# Triniterian salvation plan - Ephesians 1:3-14



## Mayflower (May 15, 2008)

Dear brothers, 

Iam thinking and studying these last days about the Triniterian salvation plan, which hath been made between Father, the Son and the Holy Spirit from eternity. Others also called this the covenant of redemption. 

Do you think that Ephesians 1:3-14, gives us a good example of the covenant of redemption, because we read there, how every person of the Godhead fulfills their work, see: 

3Blessed be the God and *Father* of our Lord Jesus Christ, who hath blessed us with all spiritual blessings in heavenly places in Christ: 
4 According as he hath *chosen us *in him before the foundation of the world, that we should be holy and without blame before him in love: 
5 Having predestinated us unto the adoption of children by Jesus Christ to himself, according to the good pleasure of his will, 
6 To the praise of the glory of his grace, wherein he hath made us accepted in the beloved. 
7 *In whom *we have *redemption *through his blood, the forgiveness of sins, according to the riches of his grace; 
8 Wherein he hath abounded toward us in all wisdom and prudence; 
9 Having made known unto us the mystery of his will, according to his good pleasure which he hath purposed in himself: 
10 That in the dispensation of the fulness of times he might gather together in one all things in Christ, both which are in heaven, and which are on earth; even in him: 
11 In whom also we have obtained an inheritance, being predestinated according to the purpose of him who worketh all things after the counsel of his own will: 
12 That we should be to the praise of his glory, who first trusted in Christ. 
13 In whom ye also trusted, after that ye heard the word of truth, the gospel of your salvation: in whom also after that ye believed, ye were *sealed* with that *Holy Spirit *of promise, 
14 Which is the earnest of our inheritance until the redemption of the purchased possession, unto the praise of his glory 

So, what do you think ? 
Any thoughts ?


----------



## toddpedlar (May 15, 2008)

Mayflower said:


> Dear brothers,
> 
> Iam thinking and studying these last days about the Triniterian salvation plan, which hath been made between Father, the Son and the Holy Spirit from eternity.
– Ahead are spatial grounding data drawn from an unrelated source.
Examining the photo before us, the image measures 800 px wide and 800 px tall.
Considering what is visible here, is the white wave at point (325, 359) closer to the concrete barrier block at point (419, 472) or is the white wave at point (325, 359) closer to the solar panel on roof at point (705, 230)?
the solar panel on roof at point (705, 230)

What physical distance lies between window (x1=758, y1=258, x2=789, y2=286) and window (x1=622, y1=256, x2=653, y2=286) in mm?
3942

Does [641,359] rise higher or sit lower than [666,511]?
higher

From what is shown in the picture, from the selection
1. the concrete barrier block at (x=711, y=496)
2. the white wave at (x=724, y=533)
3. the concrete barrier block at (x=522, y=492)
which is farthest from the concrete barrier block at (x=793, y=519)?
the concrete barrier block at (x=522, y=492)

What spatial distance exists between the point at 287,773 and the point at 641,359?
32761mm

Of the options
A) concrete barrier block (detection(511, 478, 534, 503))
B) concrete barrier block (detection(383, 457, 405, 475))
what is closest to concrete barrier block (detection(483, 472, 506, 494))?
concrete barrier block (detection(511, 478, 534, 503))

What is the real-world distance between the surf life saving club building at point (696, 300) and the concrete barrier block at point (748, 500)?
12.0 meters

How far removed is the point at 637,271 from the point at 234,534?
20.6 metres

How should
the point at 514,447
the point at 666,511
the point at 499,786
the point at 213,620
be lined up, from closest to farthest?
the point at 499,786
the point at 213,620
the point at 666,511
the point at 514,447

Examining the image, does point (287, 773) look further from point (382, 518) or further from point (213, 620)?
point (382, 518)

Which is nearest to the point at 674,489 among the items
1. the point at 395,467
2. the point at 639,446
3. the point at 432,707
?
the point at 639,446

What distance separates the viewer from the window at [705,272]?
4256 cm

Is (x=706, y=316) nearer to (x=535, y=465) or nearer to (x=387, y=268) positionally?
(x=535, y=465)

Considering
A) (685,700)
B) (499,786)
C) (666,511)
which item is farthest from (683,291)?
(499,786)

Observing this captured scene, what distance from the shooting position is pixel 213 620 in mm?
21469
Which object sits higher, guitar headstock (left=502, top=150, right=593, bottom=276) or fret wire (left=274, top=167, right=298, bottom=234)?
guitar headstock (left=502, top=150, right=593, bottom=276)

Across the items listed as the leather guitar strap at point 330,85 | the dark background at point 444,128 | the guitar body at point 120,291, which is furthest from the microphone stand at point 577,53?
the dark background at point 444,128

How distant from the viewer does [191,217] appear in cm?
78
Others also called this the covenant of redemption.
> 
> ...



I don't think this passage teaches anything more than the fact that each of the persons of the trinity is active in salvation - and that's something that people who deny the covenant of redemption can readily agree to. I'm not aware of any single passage that teaches the covenant of redemption alone - I think it's something clearly taught in Scripture - but it requires a much broader context than this to establish it.


----------



## Reformed Covenanter (May 15, 2008)

> Triniterian salvation plan



I have never heard of such a dogma.


----------



## Iconoclast (May 15, 2008)

Ephesians 1 is an excellent section of scripture.
But you might want to spend time in John 6:37-44.
Also John 17- the whole chapter


----------



## bookslover (May 15, 2008)

Though it should be said that that section of Ephesians 1 is the single most extended portion of Scripture that shows the economic Trinity - and all thanks to Paul's legendarily looooooong sentences. (You can get away with that in Greek.)


----------